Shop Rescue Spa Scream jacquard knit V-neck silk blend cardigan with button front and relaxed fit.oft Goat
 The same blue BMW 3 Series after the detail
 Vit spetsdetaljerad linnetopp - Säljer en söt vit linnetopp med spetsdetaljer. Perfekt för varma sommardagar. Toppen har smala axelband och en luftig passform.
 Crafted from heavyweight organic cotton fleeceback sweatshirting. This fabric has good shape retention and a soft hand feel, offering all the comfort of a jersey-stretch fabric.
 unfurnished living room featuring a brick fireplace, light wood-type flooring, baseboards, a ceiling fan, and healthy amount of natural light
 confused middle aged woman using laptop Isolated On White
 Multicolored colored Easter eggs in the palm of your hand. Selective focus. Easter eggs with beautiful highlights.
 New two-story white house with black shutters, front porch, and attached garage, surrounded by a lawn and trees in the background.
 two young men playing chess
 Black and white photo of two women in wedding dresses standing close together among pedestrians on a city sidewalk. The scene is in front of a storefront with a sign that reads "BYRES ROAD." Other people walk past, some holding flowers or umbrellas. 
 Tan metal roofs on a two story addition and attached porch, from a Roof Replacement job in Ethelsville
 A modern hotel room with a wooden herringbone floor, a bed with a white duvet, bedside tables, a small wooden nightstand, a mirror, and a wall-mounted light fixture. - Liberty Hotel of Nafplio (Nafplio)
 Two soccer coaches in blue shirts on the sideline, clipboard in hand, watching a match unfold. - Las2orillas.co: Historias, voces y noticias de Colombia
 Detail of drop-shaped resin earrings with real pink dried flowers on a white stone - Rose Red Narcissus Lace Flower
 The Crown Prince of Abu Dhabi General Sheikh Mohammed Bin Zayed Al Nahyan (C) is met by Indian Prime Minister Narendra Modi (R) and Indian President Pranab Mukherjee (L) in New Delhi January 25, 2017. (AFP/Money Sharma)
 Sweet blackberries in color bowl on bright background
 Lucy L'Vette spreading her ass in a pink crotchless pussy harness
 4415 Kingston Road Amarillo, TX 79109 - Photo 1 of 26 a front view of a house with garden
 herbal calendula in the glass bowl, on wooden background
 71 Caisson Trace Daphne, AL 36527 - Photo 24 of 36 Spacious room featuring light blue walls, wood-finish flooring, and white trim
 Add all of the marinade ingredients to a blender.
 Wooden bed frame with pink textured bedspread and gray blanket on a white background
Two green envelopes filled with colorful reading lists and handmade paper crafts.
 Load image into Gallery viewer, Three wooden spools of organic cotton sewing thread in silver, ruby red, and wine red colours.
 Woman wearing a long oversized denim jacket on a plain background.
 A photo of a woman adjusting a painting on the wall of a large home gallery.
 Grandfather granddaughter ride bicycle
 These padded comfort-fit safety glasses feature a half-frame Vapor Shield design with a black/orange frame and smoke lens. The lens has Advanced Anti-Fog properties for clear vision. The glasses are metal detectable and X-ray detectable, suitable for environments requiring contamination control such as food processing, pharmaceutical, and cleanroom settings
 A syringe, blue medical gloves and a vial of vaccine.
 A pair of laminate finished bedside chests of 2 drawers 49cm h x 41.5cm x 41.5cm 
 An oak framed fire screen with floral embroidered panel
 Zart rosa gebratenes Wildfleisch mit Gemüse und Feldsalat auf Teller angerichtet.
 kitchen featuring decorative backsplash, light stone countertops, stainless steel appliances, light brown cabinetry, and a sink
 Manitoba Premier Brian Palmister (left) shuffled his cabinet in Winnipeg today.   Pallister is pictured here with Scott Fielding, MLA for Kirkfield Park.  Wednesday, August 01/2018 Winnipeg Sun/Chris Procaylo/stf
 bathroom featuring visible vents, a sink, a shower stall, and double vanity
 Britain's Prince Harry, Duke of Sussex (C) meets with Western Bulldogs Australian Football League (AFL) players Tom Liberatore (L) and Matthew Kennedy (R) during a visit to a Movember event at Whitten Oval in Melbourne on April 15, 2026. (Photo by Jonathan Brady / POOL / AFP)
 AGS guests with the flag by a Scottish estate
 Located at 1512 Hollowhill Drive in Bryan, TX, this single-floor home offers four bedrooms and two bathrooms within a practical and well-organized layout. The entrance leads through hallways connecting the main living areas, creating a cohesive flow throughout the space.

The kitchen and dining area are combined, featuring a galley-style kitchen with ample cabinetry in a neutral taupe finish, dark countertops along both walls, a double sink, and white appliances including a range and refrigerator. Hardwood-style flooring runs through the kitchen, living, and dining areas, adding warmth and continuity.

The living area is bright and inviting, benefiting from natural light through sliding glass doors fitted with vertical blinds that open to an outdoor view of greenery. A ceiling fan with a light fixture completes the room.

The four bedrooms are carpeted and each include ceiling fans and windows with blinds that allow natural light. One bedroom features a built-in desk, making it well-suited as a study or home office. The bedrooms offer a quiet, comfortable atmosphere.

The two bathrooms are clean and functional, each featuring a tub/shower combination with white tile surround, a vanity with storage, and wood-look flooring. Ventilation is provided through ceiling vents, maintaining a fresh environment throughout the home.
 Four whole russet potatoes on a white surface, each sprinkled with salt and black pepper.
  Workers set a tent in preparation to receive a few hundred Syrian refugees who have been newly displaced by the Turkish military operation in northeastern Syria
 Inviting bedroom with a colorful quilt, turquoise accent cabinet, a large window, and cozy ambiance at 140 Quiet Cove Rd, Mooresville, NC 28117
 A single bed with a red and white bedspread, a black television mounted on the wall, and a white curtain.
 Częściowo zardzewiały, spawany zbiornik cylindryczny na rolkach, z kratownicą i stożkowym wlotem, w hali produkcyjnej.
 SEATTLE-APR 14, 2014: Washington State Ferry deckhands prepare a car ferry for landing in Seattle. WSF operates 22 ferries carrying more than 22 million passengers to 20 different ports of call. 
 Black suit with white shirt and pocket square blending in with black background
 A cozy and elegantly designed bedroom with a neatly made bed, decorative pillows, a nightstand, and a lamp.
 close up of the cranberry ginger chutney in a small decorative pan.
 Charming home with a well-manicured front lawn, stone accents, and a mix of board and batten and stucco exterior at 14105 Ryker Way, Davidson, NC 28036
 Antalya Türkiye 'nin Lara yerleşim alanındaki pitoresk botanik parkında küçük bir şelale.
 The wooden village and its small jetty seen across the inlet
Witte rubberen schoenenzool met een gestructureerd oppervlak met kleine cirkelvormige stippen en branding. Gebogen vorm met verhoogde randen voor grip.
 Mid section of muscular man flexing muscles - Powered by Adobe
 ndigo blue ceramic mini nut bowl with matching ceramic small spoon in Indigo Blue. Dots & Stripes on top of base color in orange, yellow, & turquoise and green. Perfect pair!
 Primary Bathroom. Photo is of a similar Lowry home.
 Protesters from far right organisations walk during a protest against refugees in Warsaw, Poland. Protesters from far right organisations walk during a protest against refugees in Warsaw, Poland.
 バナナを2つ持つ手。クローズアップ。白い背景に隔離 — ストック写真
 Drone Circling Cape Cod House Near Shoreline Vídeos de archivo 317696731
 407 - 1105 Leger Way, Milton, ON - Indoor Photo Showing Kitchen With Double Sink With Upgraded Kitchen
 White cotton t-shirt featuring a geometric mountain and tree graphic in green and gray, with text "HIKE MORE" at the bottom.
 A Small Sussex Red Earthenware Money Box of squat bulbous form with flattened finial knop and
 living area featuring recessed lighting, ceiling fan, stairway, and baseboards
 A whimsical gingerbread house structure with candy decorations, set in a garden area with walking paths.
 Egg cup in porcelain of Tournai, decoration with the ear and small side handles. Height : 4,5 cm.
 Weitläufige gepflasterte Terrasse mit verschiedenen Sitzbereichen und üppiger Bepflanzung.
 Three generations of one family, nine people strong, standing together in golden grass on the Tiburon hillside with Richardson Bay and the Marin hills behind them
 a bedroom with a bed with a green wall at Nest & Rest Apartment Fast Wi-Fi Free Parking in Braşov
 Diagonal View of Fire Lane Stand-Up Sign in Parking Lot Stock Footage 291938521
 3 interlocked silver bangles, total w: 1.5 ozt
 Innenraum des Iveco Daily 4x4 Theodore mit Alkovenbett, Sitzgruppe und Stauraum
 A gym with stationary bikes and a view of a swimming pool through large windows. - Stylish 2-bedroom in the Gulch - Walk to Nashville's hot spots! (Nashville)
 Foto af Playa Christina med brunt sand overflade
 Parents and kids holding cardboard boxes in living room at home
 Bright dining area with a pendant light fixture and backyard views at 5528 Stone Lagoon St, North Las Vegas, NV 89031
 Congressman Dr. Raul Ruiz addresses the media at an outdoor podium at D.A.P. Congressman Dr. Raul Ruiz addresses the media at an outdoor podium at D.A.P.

■ ■ ■ ■ ■ ■ ■

[EXERCISE DESCRIPTION]: Lines that contain the string "Parking" should be copied from the material above.

[EXERCISE SOLUTION]:
 a bedroom with a bed with a green wall at Nest & Rest Apartment Fast Wi-Fi Free Parking in Braşov
 Diagonal View of Fire Lane Stand-Up Sign in Parking Lot Stock Footage 291938521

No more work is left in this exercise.